Japan’s restaurant sector has been caught in a labor squeeze after the government halted new admissions of foreign nationals under the Type 1 Specified Skilled Worker status for food service, forcing operators to rethink hiring, expansion and day-to-day service levels. In Osaka, one restaurant chain said the change hit recruitment plans directly, after it had counted on foreign staff to fill chronic gaps in kitchens and dining rooms.
The policy has immediate consequences for restaurants that built staffing models around overseas workers. One Osaka okonomiyaki restaurant employs about 70 foreign nationals under the same visa category, or roughly 30% of its workforce, and had planned to add 20 to 30 more such workers next year before the suspension took effect. Kanji Nakai, the company president, said the move left the business with no choice but to revise its recruitment strategy.
The worker at the center of that Osaka case is a Vietnamese server who came to Japan last year after obtaining the status, a reminder of how deeply food-service employers have come to depend on foreign labor to keep operating. Japan’s Ministry of Agriculture, Forestry and Fisheries said on March 27 that food-service intake under Type 1 would be suspended because the category was expected to pass its 50,000-worker cap around May 2026. Applications received on or after April 13 were not to be approved, while some filings submitted earlier would still be reviewed.
The ministry said in-country status-change applications would be prioritized, and some applicants could be moved into a transitional status rather than Type 1. That means the cutoff is working less like a clean stop than an administrative backlog, with employers and workers waiting on decisions while the quota period runs from April 2024 through March 2029.

The freeze lands at a sensitive point for a sector that had been among the earliest and fastest users of the foreign-worker program, which was launched in 2019 and covers 19 fields. Business and Human Rights Centre Japan said the food-service workforce had reached about 46,000 by February 2026, close to the 50,000 ceiling. The broader government framework still expanded in January 2026, when Japan approved up to 805,700 Specified Skilled Worker positions across 19 sectors through March 2029.

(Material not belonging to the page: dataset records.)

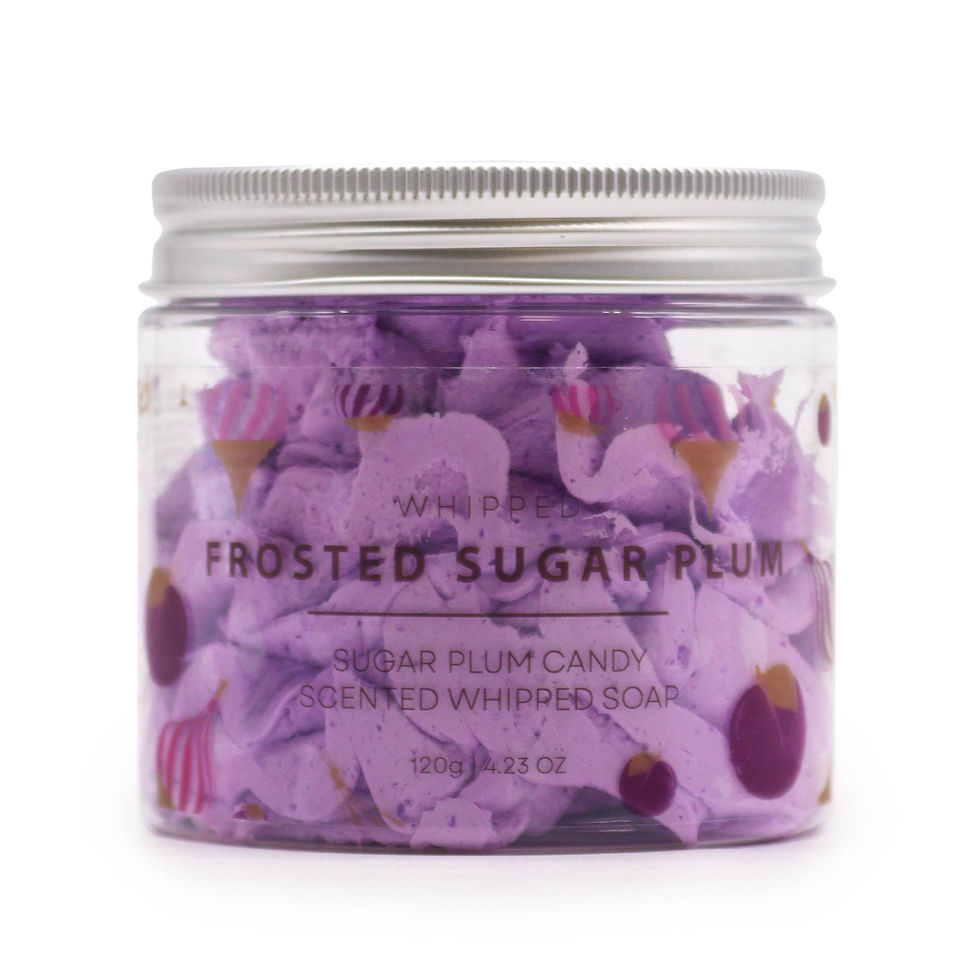 Frosted Sugar Plum Whipped Soap – A shimmering, luxurious whipped soap infused with sweet sugar plum and winter berry fragran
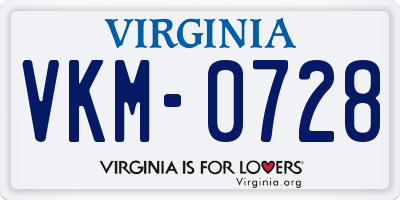 VA license plate VKM0728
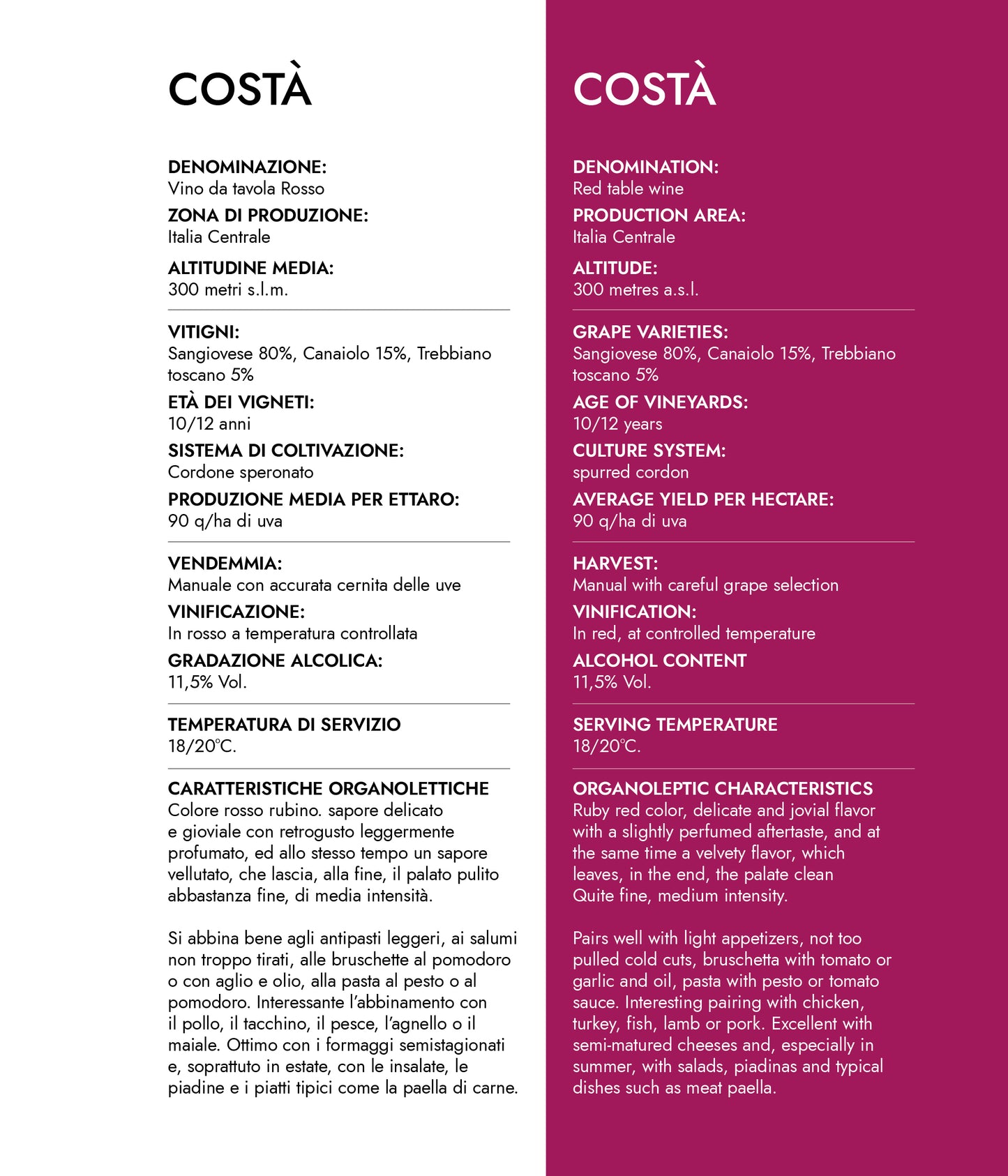 VINO ROSSO COSTA' COLDIBACCO VDT - 75CL - CANTINE CECCONI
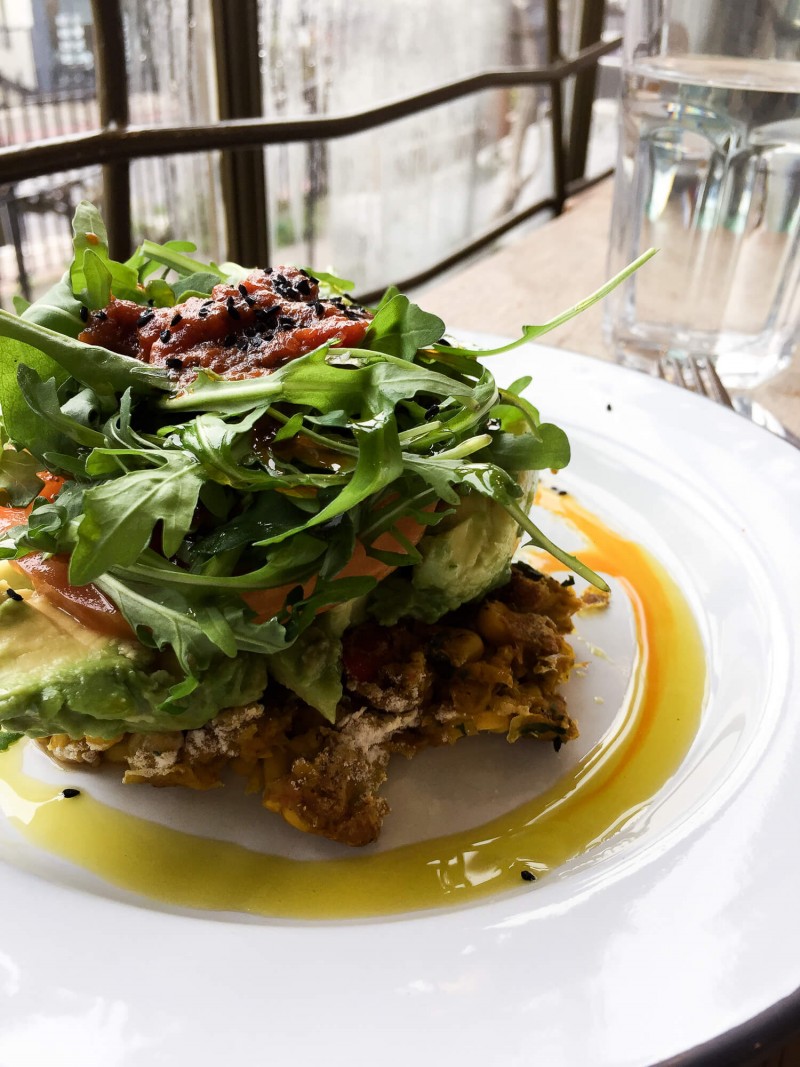 The delicious corn fritters with avocado at St David Coffee House in Forest Hill. My favourite cafe in London!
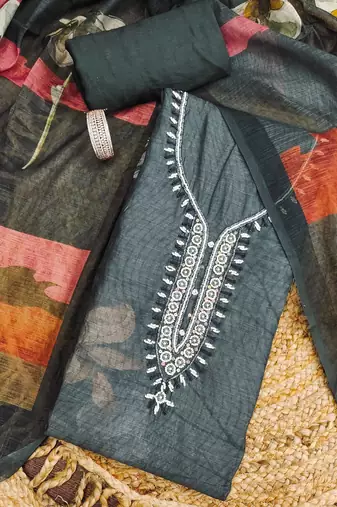 charcoal grey floral print linen cotton unstitched dress material 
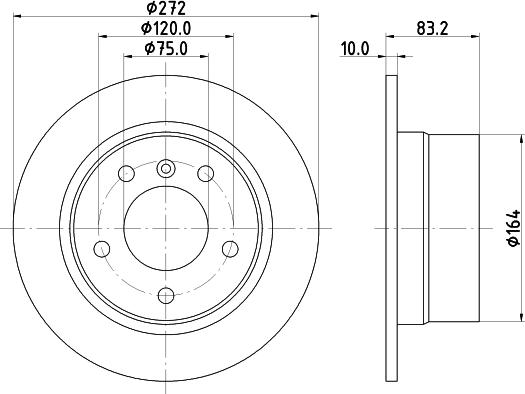 HELLA 8DD 355 124-711 - Спирачен диск vvparts.bg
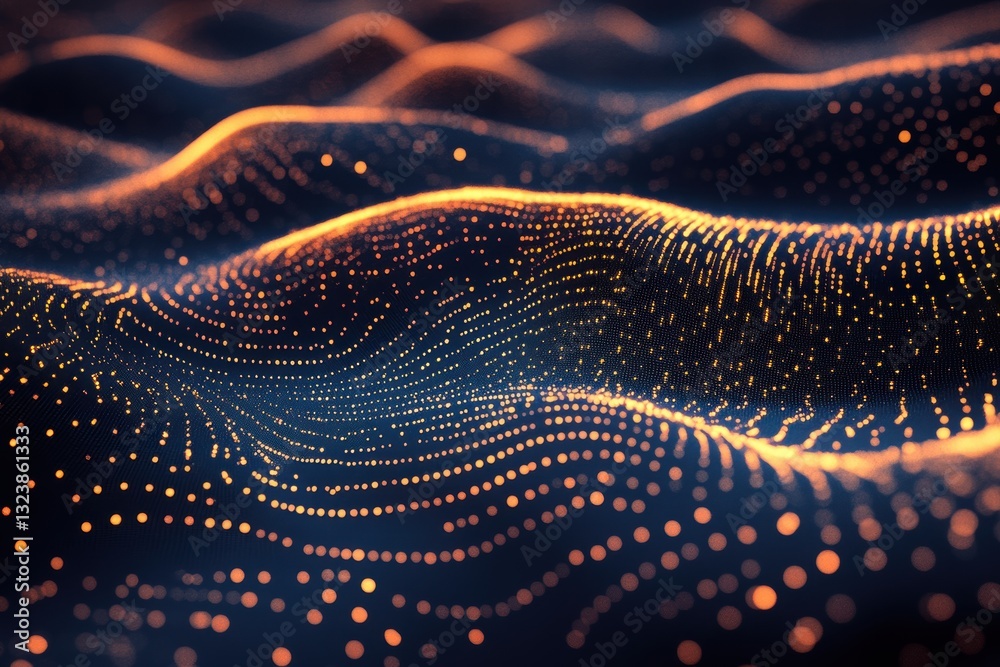 Poster digital wave: a mesmerizing depiction of a digital wave pattern, with glowing particles arranged in 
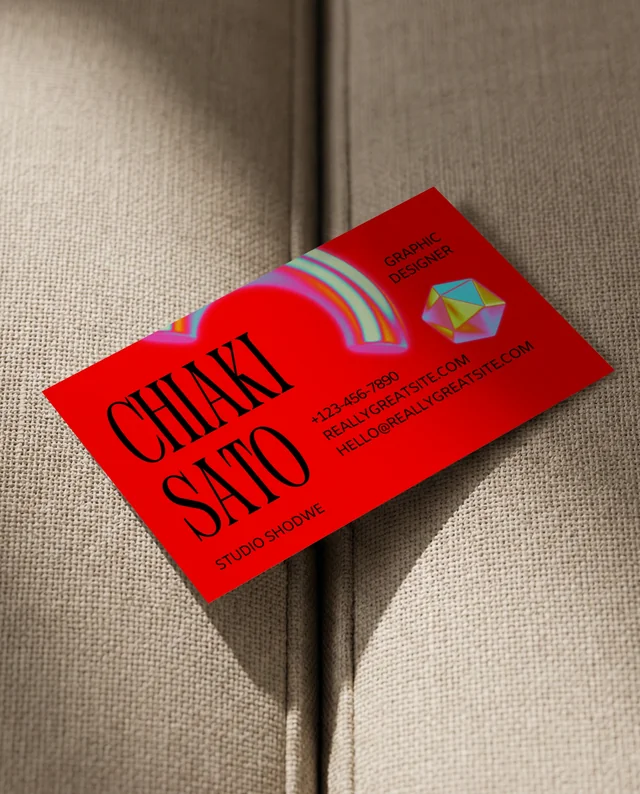 Elegant Mockup of a Business Card on Beige Fabric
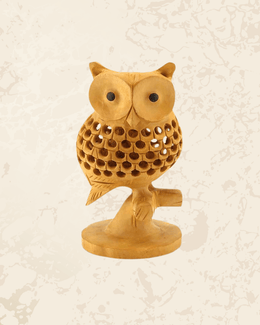 Traditional handcrafted wooden owl decorative showpiece for home decor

That contrast captures the policy contradiction now facing Tokyo: Japan is widening the overall foreign-worker system while clamping down on a sector where labor shortages are still acute. For restaurants, the effect is practical and immediate, with fewer hires, tighter staffing, slower expansion and the risk of thinner service in businesses that have long relied on foreign workers to keep tables turning.